We can't foresee the actions an unaligned ASI would take in the same way that a housefly can't foresee the danger of an electric high-voltage fly trap. There's just not enough neurons and intelligence to comprehend it.

2

drsimonz t1_jaa68ou wrote

The thing is, by definition we can't imagine the sorts of strategies a superhuman intelligence might employ. A lot of the rhetoric against worrying about AGI/ASI alignment focuses on "solving" some of the examples people have come up with for attacks. But these are just that - examples. The real attack could be much more complicated or unexpected. A big part of the problem, I think, is that this concept requires a certain amount of humility. Recognizing that while we are the biggest, baddest thing on Earth right now, this could definitely change very abruptly. We aren't predestined to be the masters of the universe just because we "deserve" it. We'll have to be very clever.

1

OutOfBananaException t1_jacw2ry wrote

Being aligned to humans may help, but a human aligned AGI is hardly 'safe'. We can't imagine what it means to be aligned, given we can't reach mutual consensus between ourselves.
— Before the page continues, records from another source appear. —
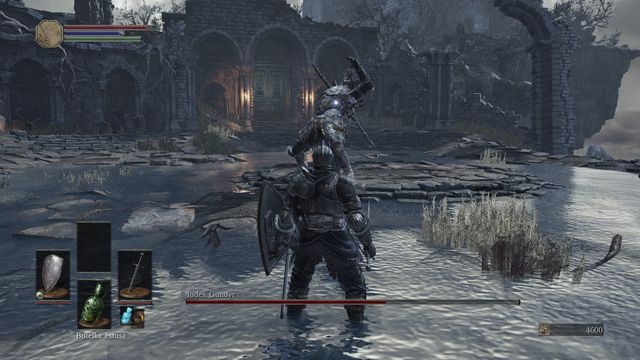 Wykonaj unik, a następnie szybko zaatakuj. - Bonus - Cmentarz Popiołu i Iudex Gundyr w Dark Souls 3 - Dark Souls III - opis przejścia i sekrety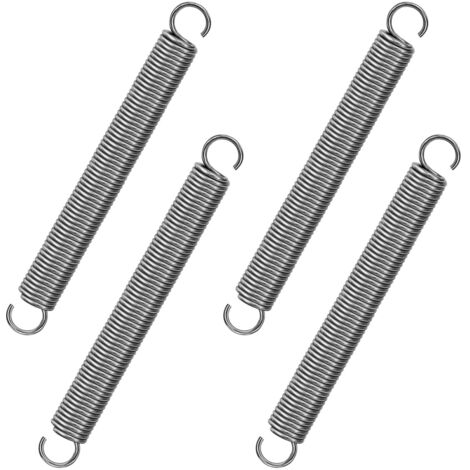 Molle di tensione da 90 mm con ganci, molle in acciaio inossidabile, diametro del filo da 1,5 mm, diametro esterno da 10 mm, 4 pezzi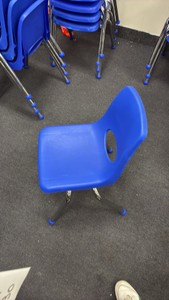Blue chairs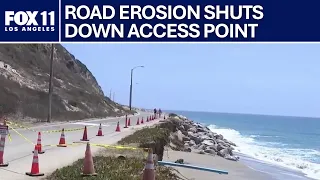 Erosion shuts down Point Dume Beach road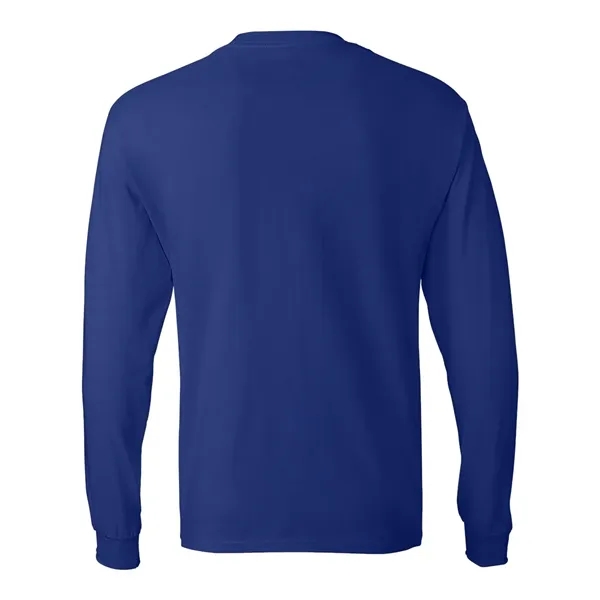 Long sleeve T-shirt made of cotton with double-needle sleeves and bottom... from ASI 84358 S&S Activewear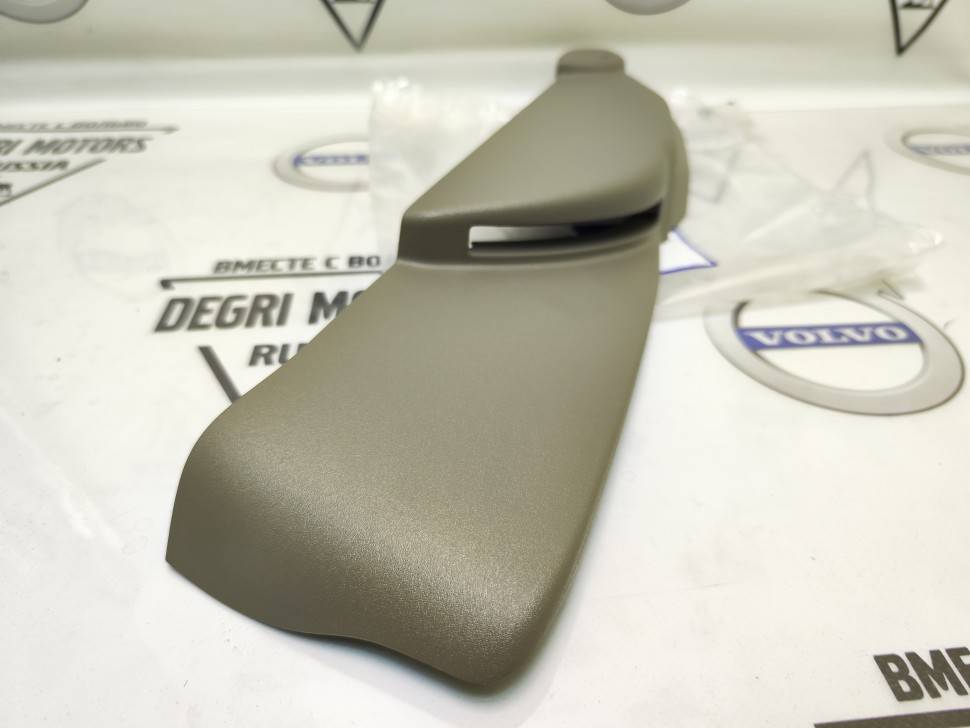 Боковая крышка переднего правого сиденья бежевая \\ под мех. управление \\ VOLVO Original 39996517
If we can't define the problem, how can we hope to engineer a solution for it? Solutions driven by early AGI may be our best hope for favorable outcomes for later more advanced AGI.

If you gave a toddler the power to 'align' all adults to its desires, plus the authority to overrule any decision, would you expect a favorable outcome?

1

drsimonz t1_jae6cn3 wrote

> Solutions driven by early AGI may be our best hope for favorable outcomes for later more advanced AGI.

Exactly what I've been thinking. We might still have a chance to succeed given (A) a sufficiently slow takeoff (meaning AI doesn't explode from IQ 50 to IQ 10000 in a month), and (B) a continuous process of integrating the state of the art, applying the best tech available to the control problem. To survive, we'd have to admit that we really don't know what's best for us. That we don't know what to optimize for at all. Average quality of life? Minimum quality of life? Economic fairness? Even these seemingly simple concepts will prove almost impossible to quantify, and would almost certainly be a disaster if they were the only target.

Almost makes me wonder if the only safe goal to give an AGI is "make it look like we never invented AGI in the first place".

2